RAW DATA:

####

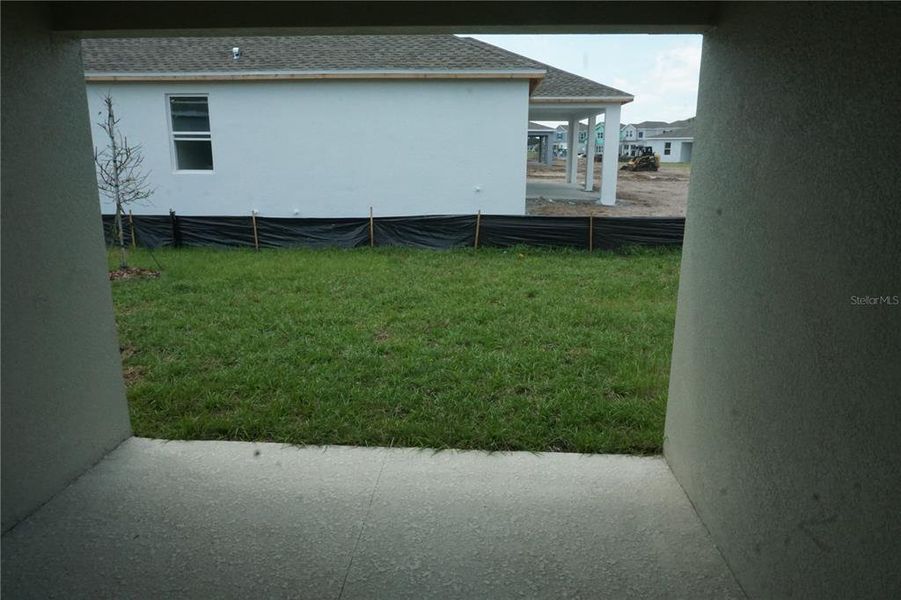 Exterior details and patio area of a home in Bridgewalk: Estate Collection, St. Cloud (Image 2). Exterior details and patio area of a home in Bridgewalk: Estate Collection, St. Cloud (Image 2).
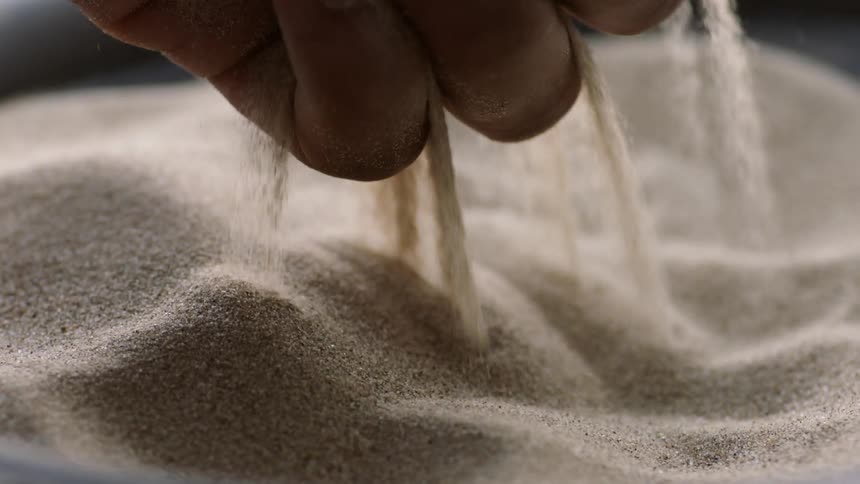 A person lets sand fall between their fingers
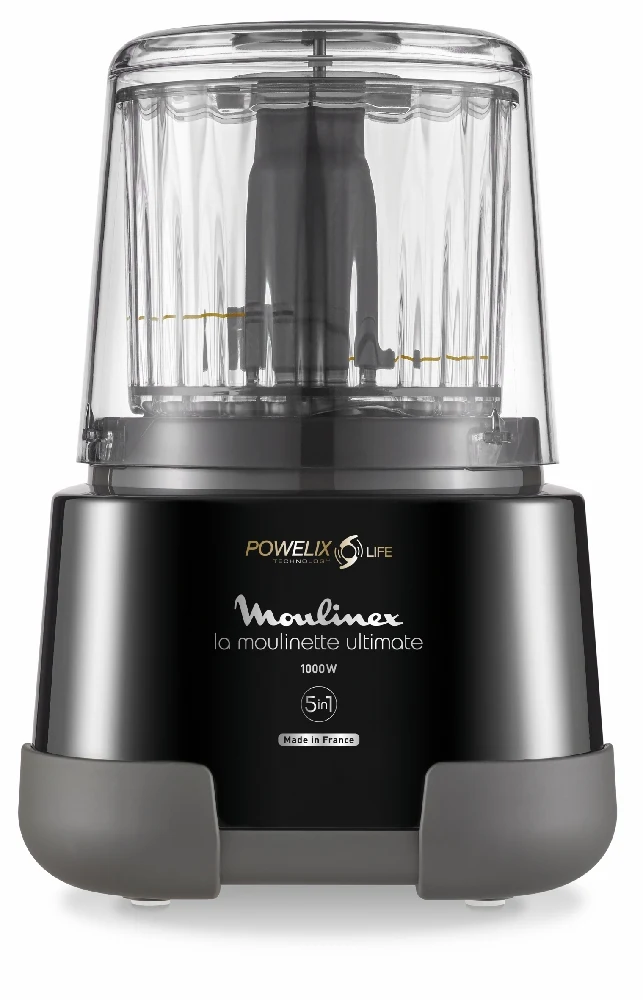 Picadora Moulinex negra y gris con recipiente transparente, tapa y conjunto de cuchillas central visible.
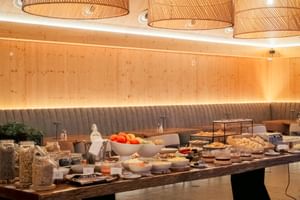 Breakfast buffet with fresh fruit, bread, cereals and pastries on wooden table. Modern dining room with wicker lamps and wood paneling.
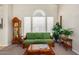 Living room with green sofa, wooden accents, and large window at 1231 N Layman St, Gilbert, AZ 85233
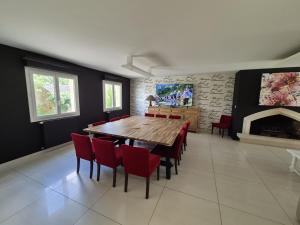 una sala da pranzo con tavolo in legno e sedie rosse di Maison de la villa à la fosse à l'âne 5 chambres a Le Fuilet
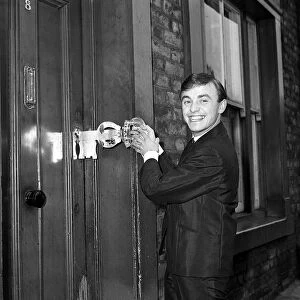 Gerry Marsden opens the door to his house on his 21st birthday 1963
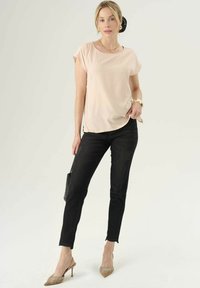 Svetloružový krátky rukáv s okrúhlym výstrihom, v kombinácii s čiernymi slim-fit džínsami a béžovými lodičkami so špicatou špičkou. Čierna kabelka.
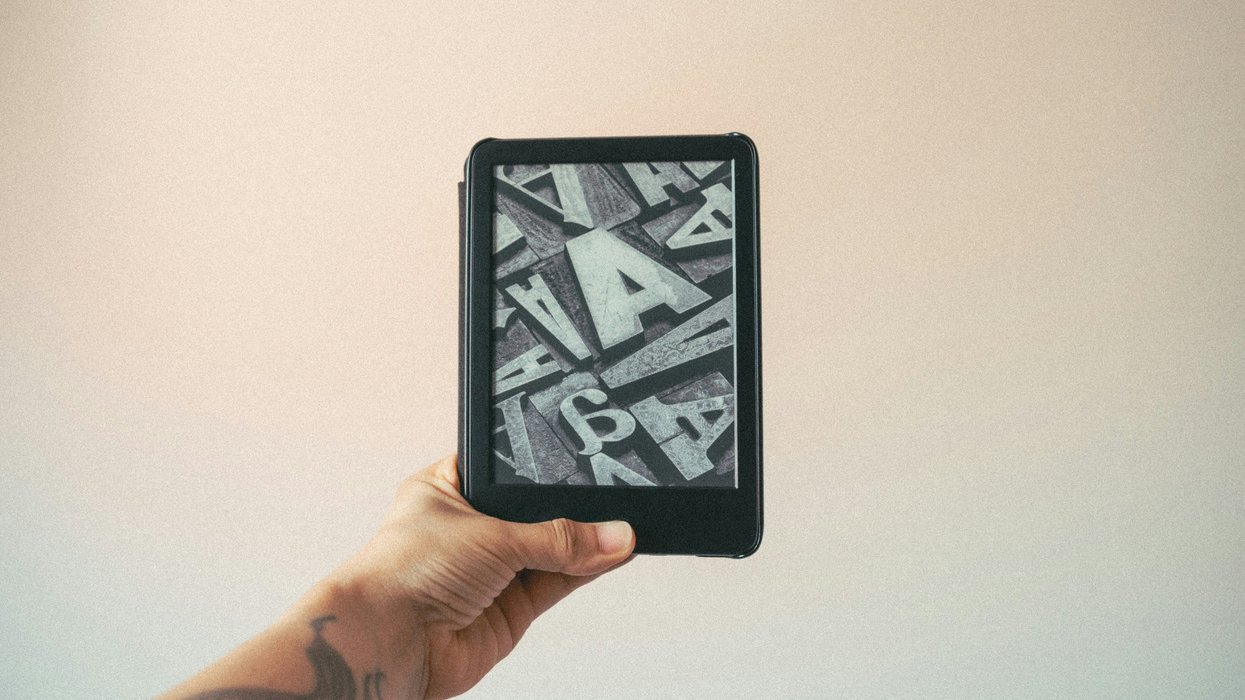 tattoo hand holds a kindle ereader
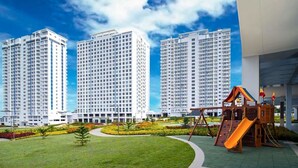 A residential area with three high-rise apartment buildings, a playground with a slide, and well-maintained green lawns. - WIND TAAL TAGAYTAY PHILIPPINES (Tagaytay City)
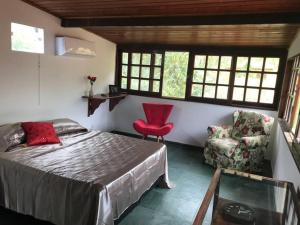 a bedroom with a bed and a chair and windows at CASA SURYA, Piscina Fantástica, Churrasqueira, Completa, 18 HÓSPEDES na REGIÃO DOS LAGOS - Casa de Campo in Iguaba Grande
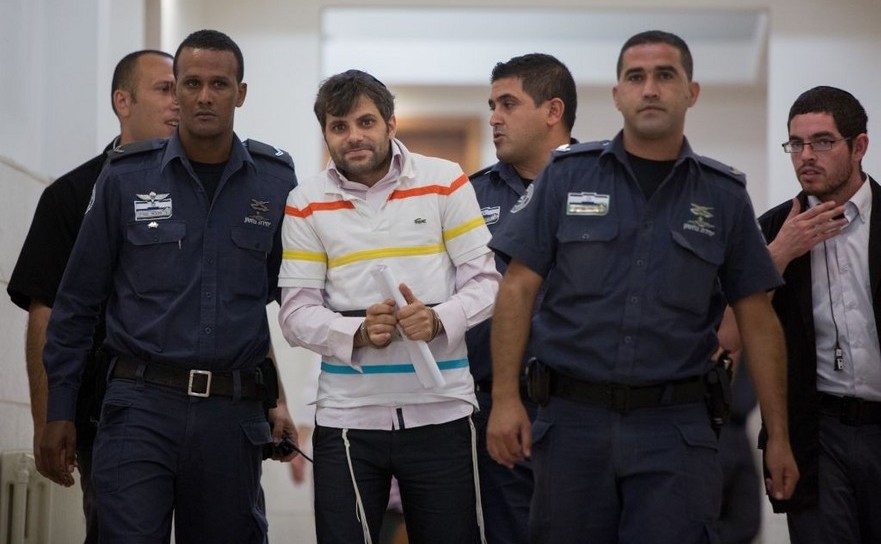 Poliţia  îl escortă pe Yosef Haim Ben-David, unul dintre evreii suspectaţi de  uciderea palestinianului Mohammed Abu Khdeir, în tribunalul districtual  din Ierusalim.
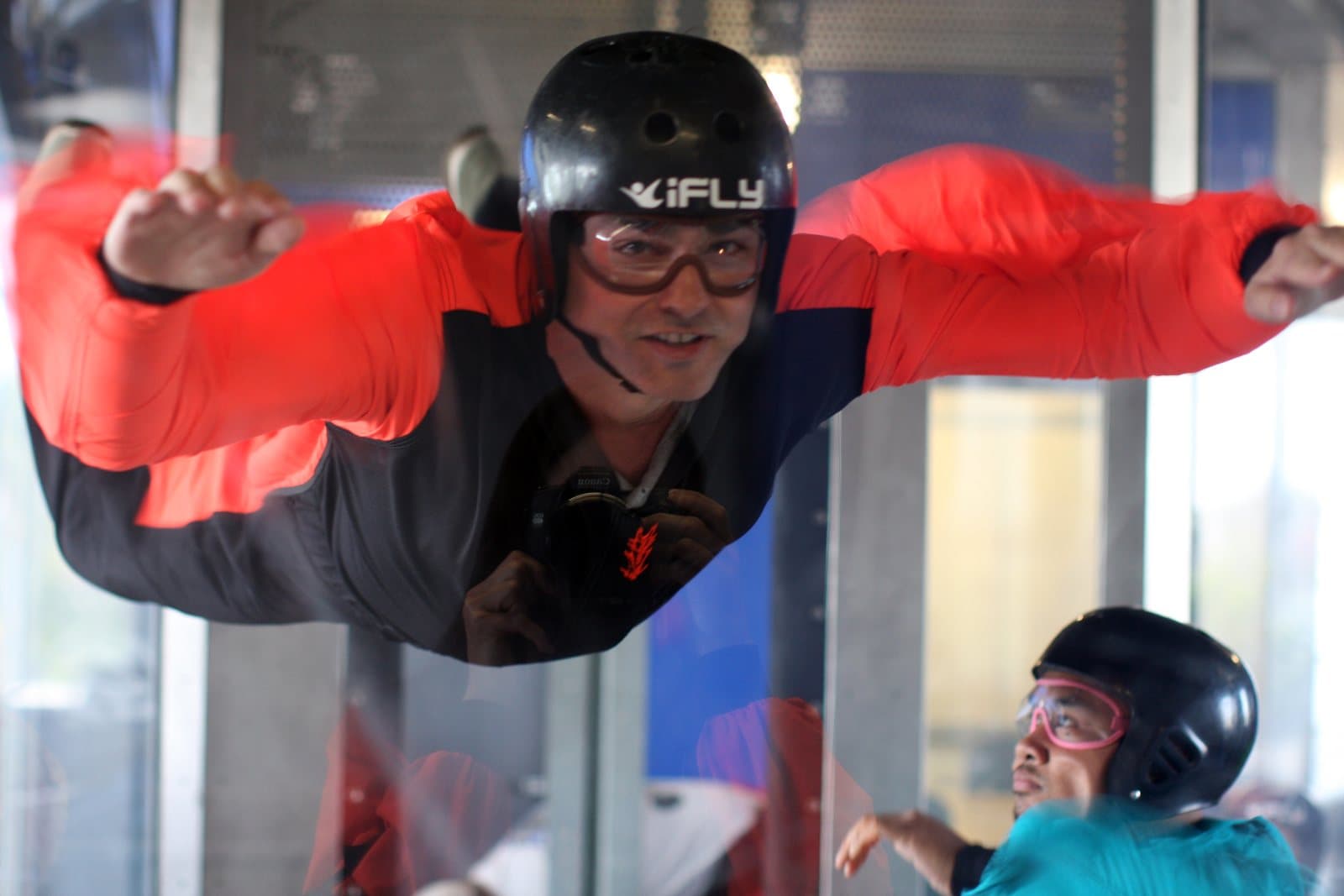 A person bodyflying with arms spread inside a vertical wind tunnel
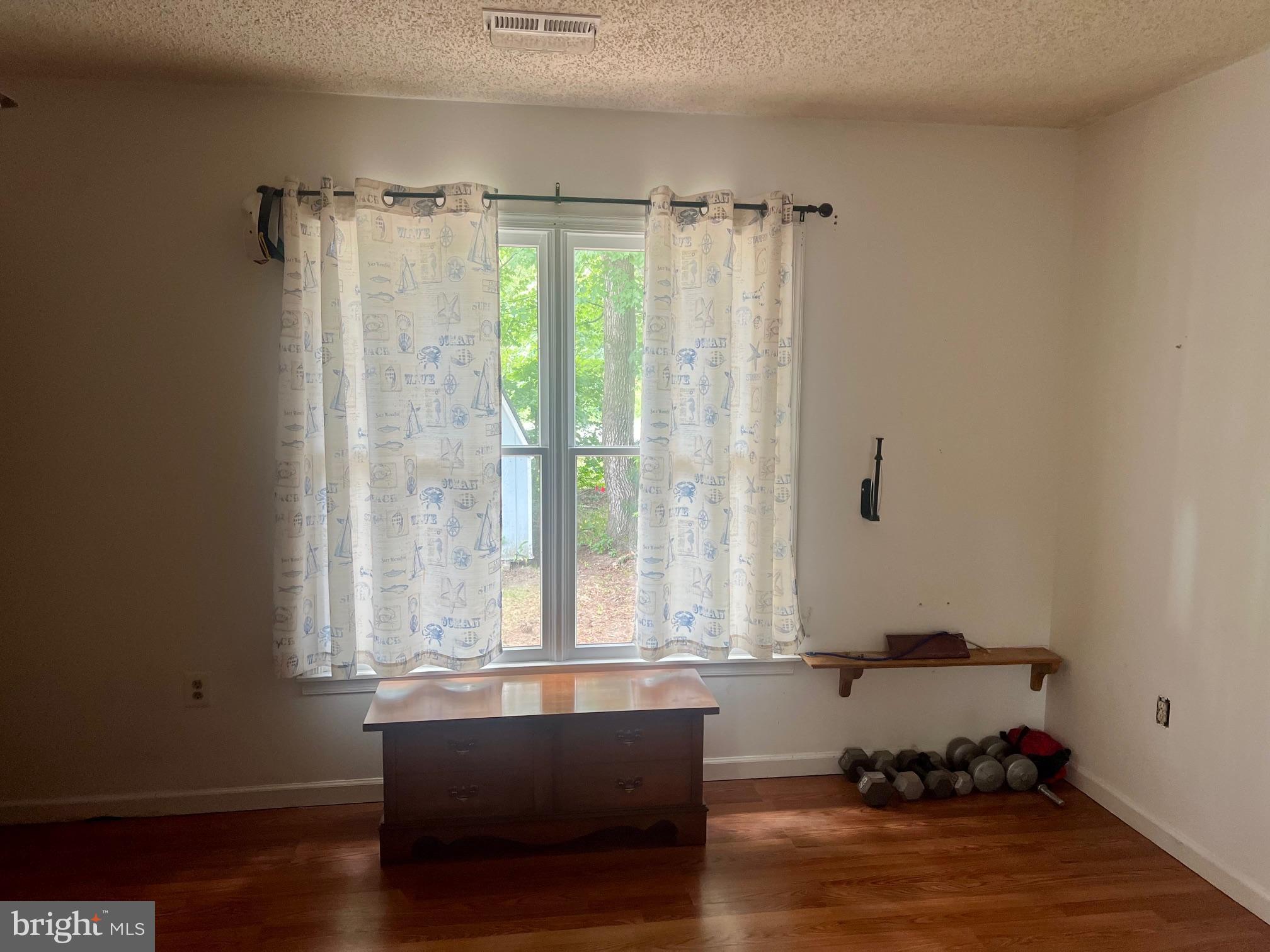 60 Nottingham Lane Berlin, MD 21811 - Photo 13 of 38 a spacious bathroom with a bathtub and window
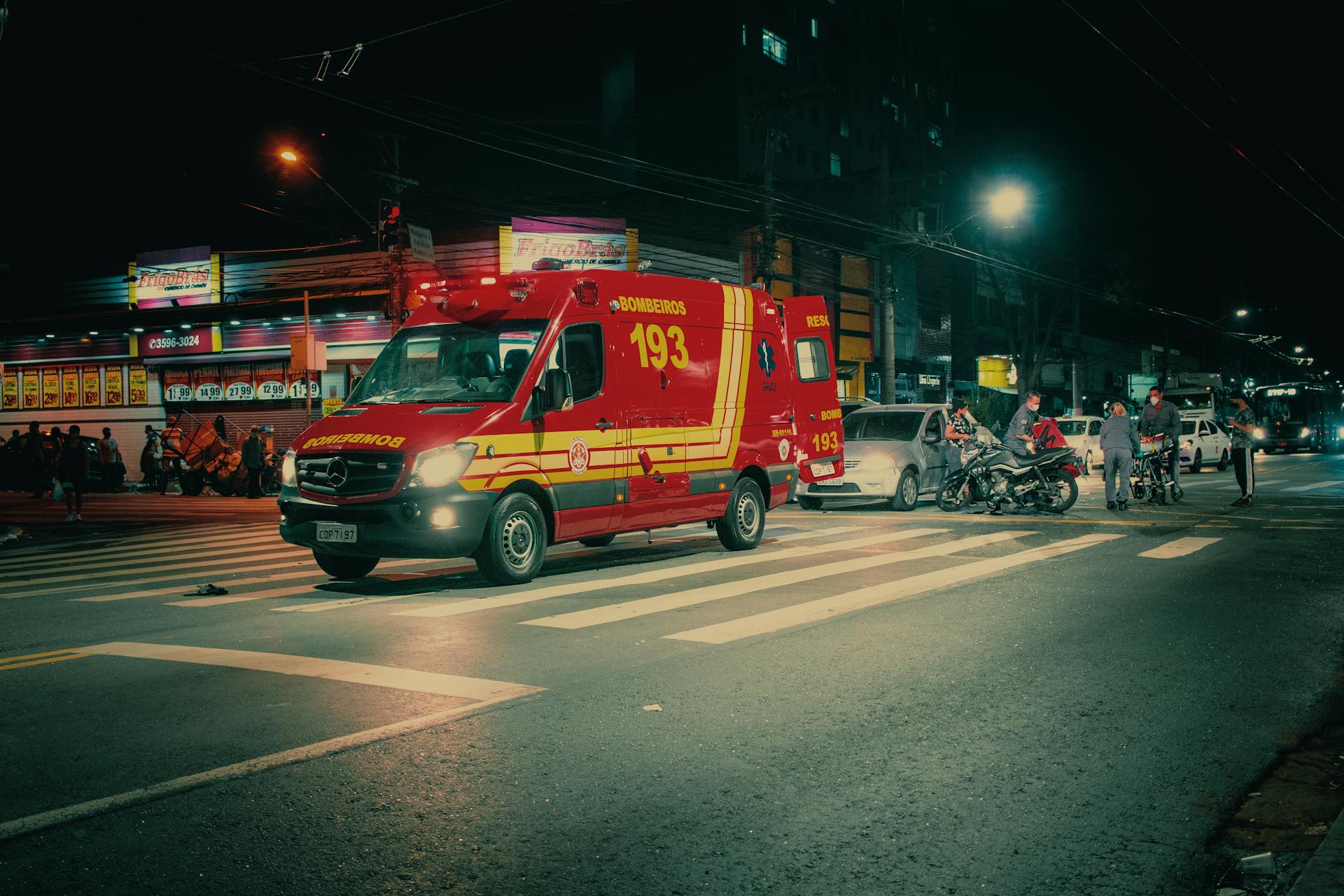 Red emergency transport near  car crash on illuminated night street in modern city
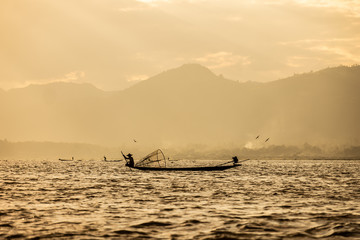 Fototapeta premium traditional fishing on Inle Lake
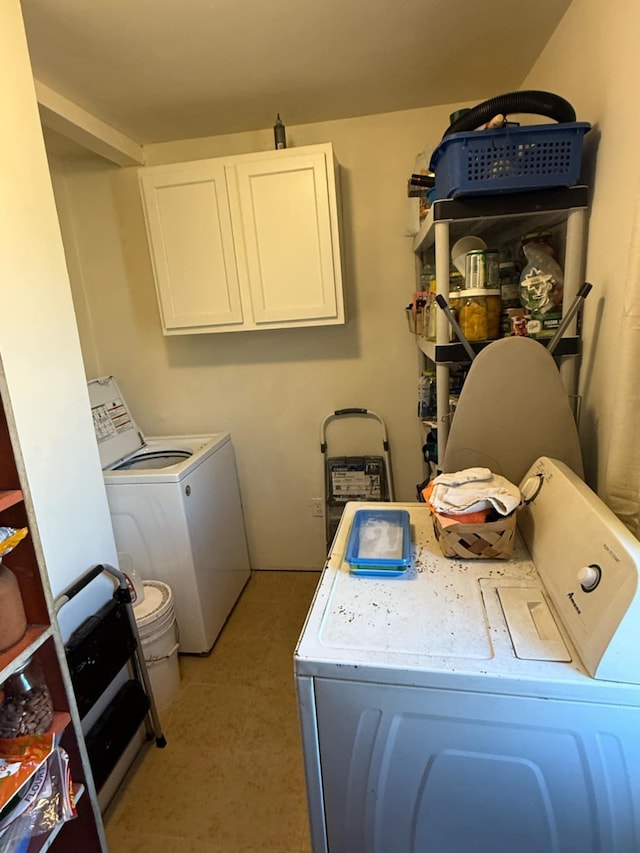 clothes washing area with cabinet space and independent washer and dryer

####

GOAL OF THE EXERCISE: Please return the data above exactly as it stands from the line with "Breakfast buffet with" to the line with "A residential area", keeping both of those lines but none of the pictures.

EXERCISE RESPONSE:
 Breakfast buffet with fresh fruit, bread, cereals and pastries on wooden table. Modern dining room with wicker lamps and wood paneling.
 Living room with green sofa, wooden accents, and large window at 1231 N Layman St, Gilbert, AZ 85233
 una sala da pranzo con tavolo in legno e sedie rosse di Maison de la villa à la fosse à l'âne 5 chambres a Le Fuilet
 Gerry Marsden opens the door to his house on his 21st birthday 1963
 Svetloružový krátky rukáv s okrúhlym výstrihom, v kombinácii s čiernymi slim-fit džínsami a béžovými lodičkami so špicatou špičkou. Čierna kabelka.
 tattoo hand holds a kindle ereader
 A residential area with three high-rise apartment buildings, a playground with a slide, and well-maintained green lawns. - WIND TAAL TAGAYTAY PHILIPPINES (Tagaytay City)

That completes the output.